Firmy te mogą odczuć spadek zaufania konsumentów w Stanach i na innych dużych rynkach, jeśli na rynkach finansowych dojdzie do zachwiania w czasie, gdy maleje wzrost sprzedaży samochodów w USA. Akcje tych firm traciły na giełdach nazajutrz po ogłoszeniu wyników wyborów — w Tokio Toyoty, Nissana i Hondy ponad 6 proc., w Paryżu Renaulta ponad 3 proc., we Frankfurcie VW, Daimlera i BMW ponad 2 proc., na Wall Street — Forda, GM i Fiata Chryslera ponad 3 proc. po otwarciu sesji.
Podczas kampanii Trump obiecywał zakwestionowanie traktatów handlowych, np. NAFTA z 1994 r., krytykował też firmy, np. Forda za przenoszenie produkcji do Meksyku i groził, że zmusi je do większego produkowania w kraju.

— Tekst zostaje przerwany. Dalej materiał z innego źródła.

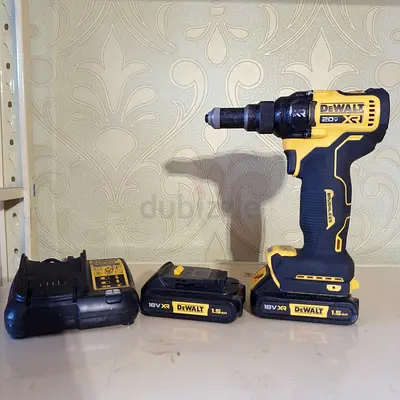 DEWALT DCF403  Cordless Rivet Tool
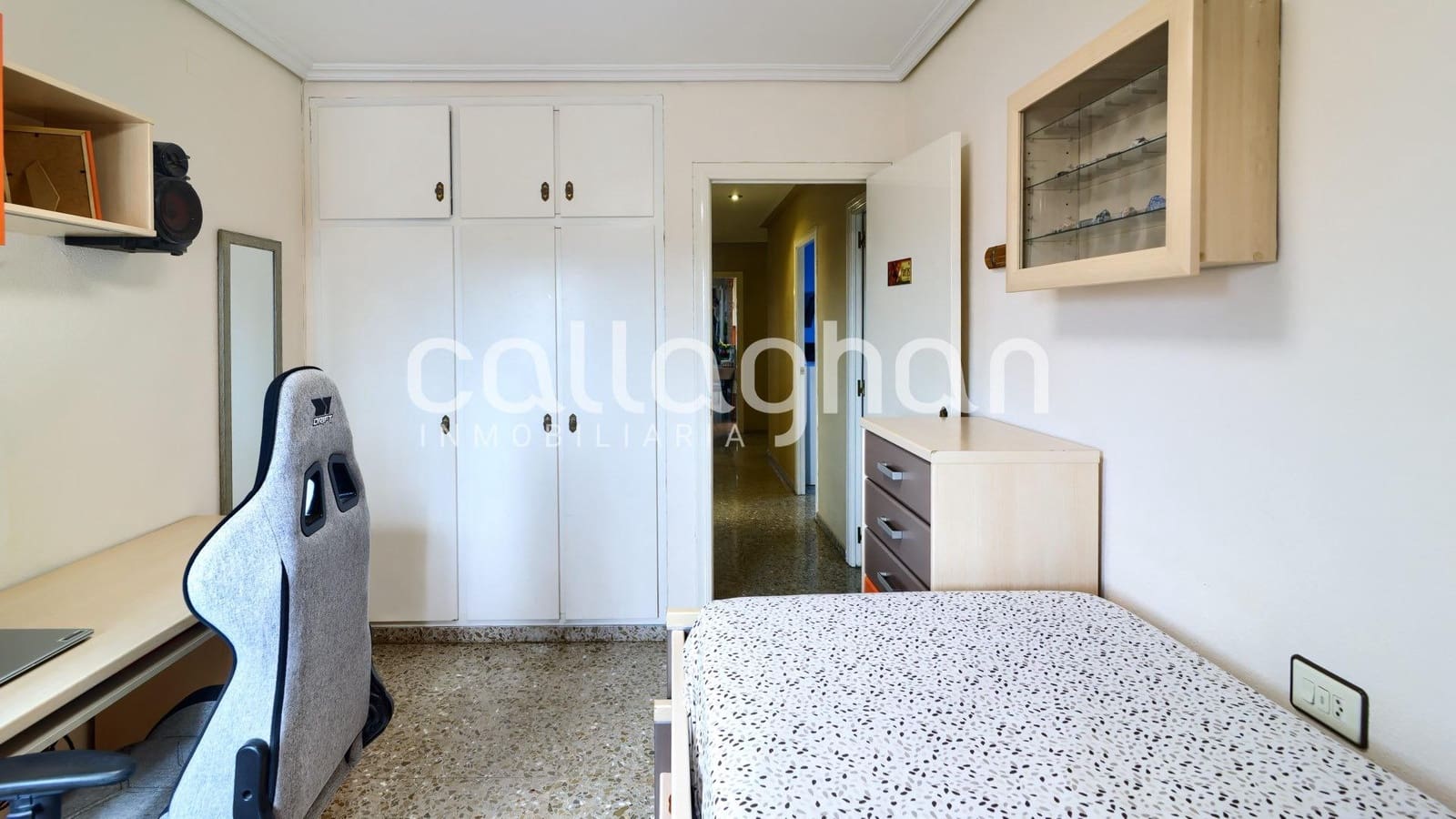 4 bedroom Flat for sale in Chilches with garage - € 138,000 (Ref: 9916041)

Rzecznika Forda, Christin Baker pospieszyła z zapewnieniem, że koncern będzie współpracować z prezydentem-elektem. General Motors też stwierdził, że zależy mu na opracowaniu z Trumpem polityki, która pozwoli amerykańskiemu przemysłowi zachować siłę i konkurencyjność. Federacja niemieckich producentów VDA obawia się z kolei nawrotu protekcjonizmu.
Bariery celne
Ekonomista z organizacji dostawców oryginalnych podzespołów OESA z Detroit, Charles Chesbrough twierdzi, że realizacja programu D. Trumpa zmusi amerykańskich konsumentów do płacenia więcej za pojazdy. — Ta polityka może zwiększyć o 5 tys. dolarów cenę małych samochodów pochodzących z Meksyku — wyliczył.
Tacy giganci jak General Motors, Ford, Caterpillar i wielu ich dostawców zainwestowali miliardy dolarów korzystając z traktatów handlowych z Meksykiem, Chinami i innymi krajami.